DIRECTIONS =
Please reproduce the listing in its entirety, exactly as written, but without images.

MATERIAL PROVIDED =
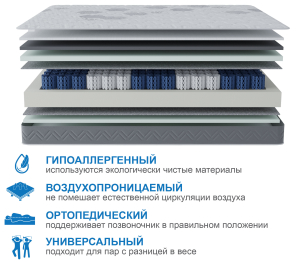 Столлайн / Матрас Корсика-Зодиак в скрутке 1400х2000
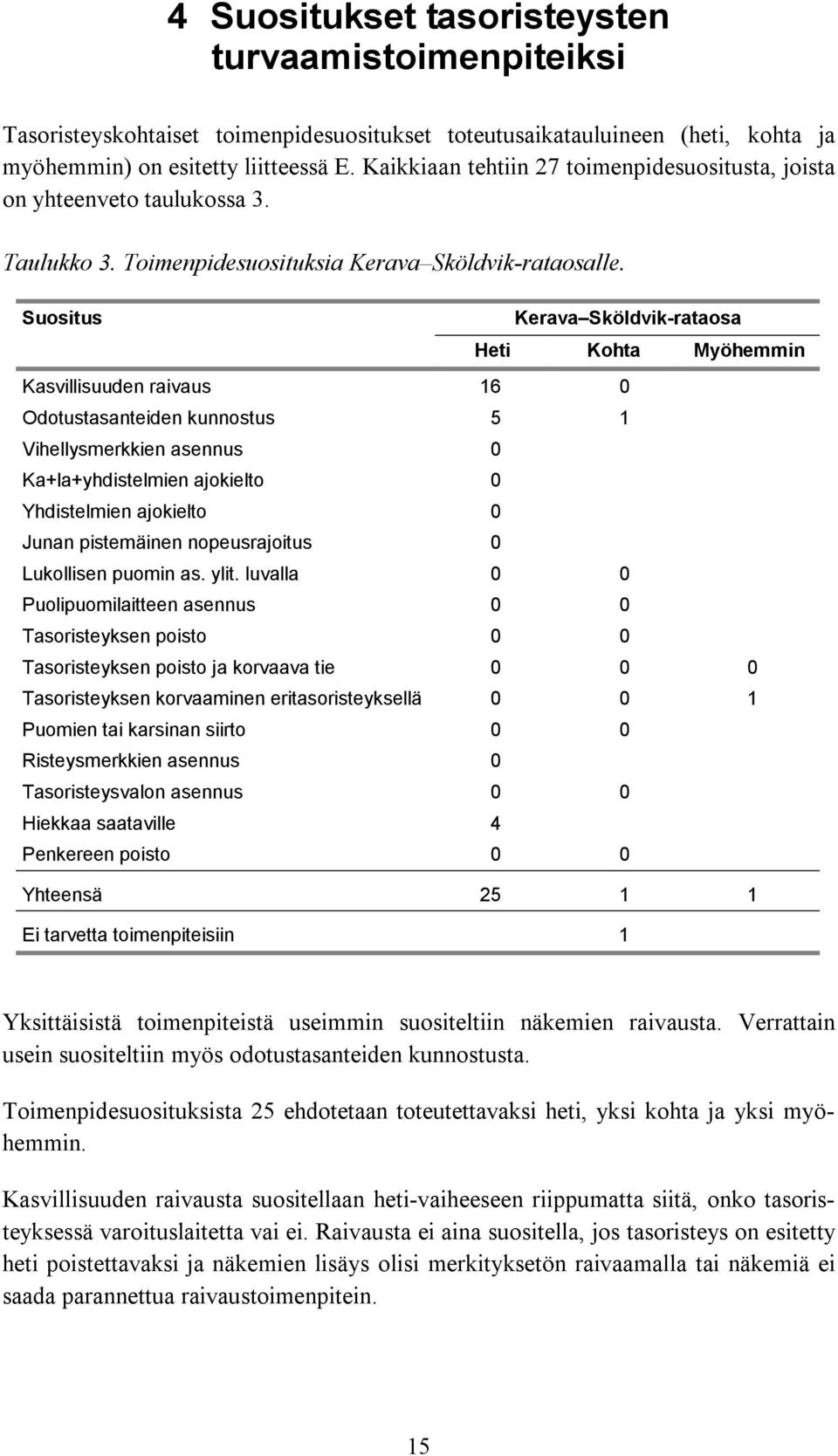 Suositus Kerava Sköldvik-rataosa Heti Kohta Myöhemmin Kasvillisuuden raivaus 16 0 Odotustasanteiden kunnostus 5 1 Vihellysmerkkien asennus 0 Ka+la+yhdistelmien ajokielto 0 Yhdistelmien ajokielto 0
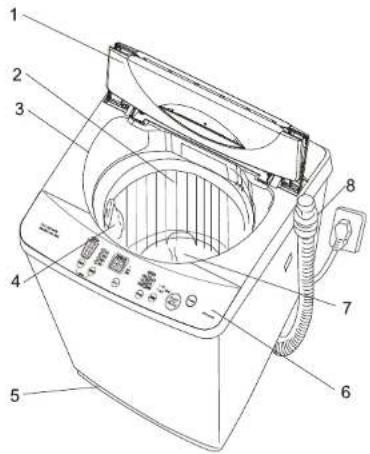 ARDA RVP50 - NAMES OF RESPECTIVE PARTS AND SIMPLE INSTALLATION - 1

ANSWER TO THE PROBLEM =
 Столлайн / Матрас Корсика-Зодиак в скрутке 1400х2000
 Suositus Kerava Sköldvik-rataosa Heti Kohta Myöhemmin Kasvillisuuden raivaus 16 0 Odotustasanteiden kunnostus 5 1 Vihellysmerkkien asennus 0 Ka+la+yhdistelmien ajokielto 0 Yhdistelmien ajokielto 0
 ARDA RVP50 - NAMES OF RESPECTIVE PARTS AND SIMPLE INSTALLATION - 1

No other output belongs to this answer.